* Work order *
With the first line below as the start and the line containing "Bellingham Washington Outdoors" as the end, copy every line between them exactly, ends included.

*** Data in this exercise Section Begins ***

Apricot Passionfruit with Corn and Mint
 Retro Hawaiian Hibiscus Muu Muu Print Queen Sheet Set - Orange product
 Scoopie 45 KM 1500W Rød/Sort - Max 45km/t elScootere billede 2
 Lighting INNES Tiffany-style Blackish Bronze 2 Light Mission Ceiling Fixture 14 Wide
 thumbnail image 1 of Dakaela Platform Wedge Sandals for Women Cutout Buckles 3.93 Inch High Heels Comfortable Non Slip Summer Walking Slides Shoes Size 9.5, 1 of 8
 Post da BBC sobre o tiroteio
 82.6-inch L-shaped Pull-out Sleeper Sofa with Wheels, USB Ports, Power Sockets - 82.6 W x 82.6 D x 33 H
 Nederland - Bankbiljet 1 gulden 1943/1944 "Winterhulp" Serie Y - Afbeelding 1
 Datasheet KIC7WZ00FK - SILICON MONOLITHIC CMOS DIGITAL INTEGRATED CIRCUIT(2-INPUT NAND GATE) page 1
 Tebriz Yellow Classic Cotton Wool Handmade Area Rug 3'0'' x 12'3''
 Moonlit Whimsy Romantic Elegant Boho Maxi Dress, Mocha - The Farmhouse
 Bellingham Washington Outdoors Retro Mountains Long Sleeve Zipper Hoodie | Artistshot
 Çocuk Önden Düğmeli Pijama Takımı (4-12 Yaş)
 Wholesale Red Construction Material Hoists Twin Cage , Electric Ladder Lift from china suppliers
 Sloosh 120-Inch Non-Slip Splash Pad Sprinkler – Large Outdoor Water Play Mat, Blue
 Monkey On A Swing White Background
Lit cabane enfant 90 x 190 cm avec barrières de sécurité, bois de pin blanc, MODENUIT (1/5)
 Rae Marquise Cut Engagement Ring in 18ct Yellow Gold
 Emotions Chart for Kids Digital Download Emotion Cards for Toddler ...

*** Data in this exercise Section Ends ***

* Your response *
Apricot Passionfruit with Corn and Mint
 Retro Hawaiian Hibiscus Muu Muu Print Queen Sheet Set - Orange product
 Scoopie 45 KM 1500W Rød/Sort - Max 45km/t elScootere billede 2
 Lighting INNES Tiffany-style Blackish Bronze 2 Light Mission Ceiling Fixture 14 Wide
 thumbnail image 1 of Dakaela Platform Wedge Sandals for Women Cutout Buckles 3.93 Inch High Heels Comfortable Non Slip Summer Walking Slides Shoes Size 9.5, 1 of 8
 Post da BBC sobre o tiroteio
 82.6-inch L-shaped Pull-out Sleeper Sofa with Wheels, USB Ports, Power Sockets - 82.6 W x 82.6 D x 33 H
 Nederland - Bankbiljet 1 gulden 1943/1944 "Winterhulp" Serie Y - Afbeelding 1
 Datasheet KIC7WZ00FK - SILICON MONOLITHIC CMOS DIGITAL INTEGRATED CIRCUIT(2-INPUT NAND GATE) page 1
 Tebriz Yellow Classic Cotton Wool Handmade Area Rug 3'0'' x 12'3''
 Moonlit Whimsy Romantic Elegant Boho Maxi Dress, Mocha - The Farmhouse
 Bellingham Washington Outdoors Retro Mountains Long Sleeve Zipper Hoodie | Artistshot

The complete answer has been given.